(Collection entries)
☆ ☆ ☆ ☆
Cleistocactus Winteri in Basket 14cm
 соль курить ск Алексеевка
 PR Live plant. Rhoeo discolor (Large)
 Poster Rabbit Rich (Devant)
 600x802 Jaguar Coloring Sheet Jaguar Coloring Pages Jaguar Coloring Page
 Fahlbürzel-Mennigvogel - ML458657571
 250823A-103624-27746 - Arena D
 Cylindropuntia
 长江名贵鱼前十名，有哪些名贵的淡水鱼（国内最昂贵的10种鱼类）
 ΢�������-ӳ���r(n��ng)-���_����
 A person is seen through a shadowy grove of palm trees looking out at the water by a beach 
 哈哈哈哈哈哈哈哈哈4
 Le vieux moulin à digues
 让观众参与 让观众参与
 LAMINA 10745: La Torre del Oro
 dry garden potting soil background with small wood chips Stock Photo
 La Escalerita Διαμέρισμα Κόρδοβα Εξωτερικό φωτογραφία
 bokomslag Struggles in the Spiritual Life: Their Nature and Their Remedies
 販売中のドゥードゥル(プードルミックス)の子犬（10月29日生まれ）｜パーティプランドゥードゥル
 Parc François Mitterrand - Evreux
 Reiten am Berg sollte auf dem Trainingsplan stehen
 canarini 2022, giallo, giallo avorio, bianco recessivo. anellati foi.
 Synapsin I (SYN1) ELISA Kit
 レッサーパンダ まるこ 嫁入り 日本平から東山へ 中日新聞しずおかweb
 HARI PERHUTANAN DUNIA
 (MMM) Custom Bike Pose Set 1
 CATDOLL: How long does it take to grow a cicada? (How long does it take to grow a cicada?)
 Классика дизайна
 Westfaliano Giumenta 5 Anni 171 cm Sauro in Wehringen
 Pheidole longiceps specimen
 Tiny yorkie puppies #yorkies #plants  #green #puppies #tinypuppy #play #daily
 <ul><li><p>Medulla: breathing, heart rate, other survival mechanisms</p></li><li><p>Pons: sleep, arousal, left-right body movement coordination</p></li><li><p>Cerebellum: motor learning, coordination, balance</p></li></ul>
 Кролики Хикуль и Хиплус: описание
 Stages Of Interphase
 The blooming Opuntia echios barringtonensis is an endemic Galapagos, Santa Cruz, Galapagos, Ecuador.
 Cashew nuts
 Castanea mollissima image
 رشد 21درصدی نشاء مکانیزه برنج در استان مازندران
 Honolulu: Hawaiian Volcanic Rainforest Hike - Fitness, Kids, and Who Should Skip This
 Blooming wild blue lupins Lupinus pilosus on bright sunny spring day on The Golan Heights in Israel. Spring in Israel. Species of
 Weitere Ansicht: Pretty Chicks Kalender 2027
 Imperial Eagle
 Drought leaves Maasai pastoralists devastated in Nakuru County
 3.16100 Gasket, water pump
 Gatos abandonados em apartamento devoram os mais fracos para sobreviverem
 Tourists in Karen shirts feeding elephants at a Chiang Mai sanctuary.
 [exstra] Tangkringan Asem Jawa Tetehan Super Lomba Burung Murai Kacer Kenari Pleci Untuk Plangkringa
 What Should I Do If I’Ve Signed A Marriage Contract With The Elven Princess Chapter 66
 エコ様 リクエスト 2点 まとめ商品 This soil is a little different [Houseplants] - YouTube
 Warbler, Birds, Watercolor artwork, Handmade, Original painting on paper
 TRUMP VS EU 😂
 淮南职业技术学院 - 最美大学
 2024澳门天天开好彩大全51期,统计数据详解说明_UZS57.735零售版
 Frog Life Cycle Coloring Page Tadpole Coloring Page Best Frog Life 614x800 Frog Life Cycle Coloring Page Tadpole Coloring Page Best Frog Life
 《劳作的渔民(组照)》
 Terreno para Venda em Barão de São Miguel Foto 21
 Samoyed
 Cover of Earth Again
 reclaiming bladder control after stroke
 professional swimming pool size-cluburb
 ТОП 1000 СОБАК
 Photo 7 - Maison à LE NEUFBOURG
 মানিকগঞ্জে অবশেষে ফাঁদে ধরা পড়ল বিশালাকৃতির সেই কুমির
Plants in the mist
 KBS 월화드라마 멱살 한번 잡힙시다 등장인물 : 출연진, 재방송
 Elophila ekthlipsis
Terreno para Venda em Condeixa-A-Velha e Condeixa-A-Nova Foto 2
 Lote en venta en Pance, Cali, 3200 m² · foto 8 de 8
☆ ☆ ☆ ☆
**TO DO**
Each line from the one holding "Plants in the mist" to the end of the data above goes into the answer exactly as written, and no other line does.

**RESPONSE AREA**
Plants in the mist
 KBS 월화드라마 멱살 한번 잡힙시다 등장인물 : 출연진, 재방송
 Elophila ekthlipsis
Terreno para Venda em Condeixa-A-Velha e Condeixa-A-Nova Foto 2
 Lote en venta en Pance, Cali, 3200 m² · foto 8 de 8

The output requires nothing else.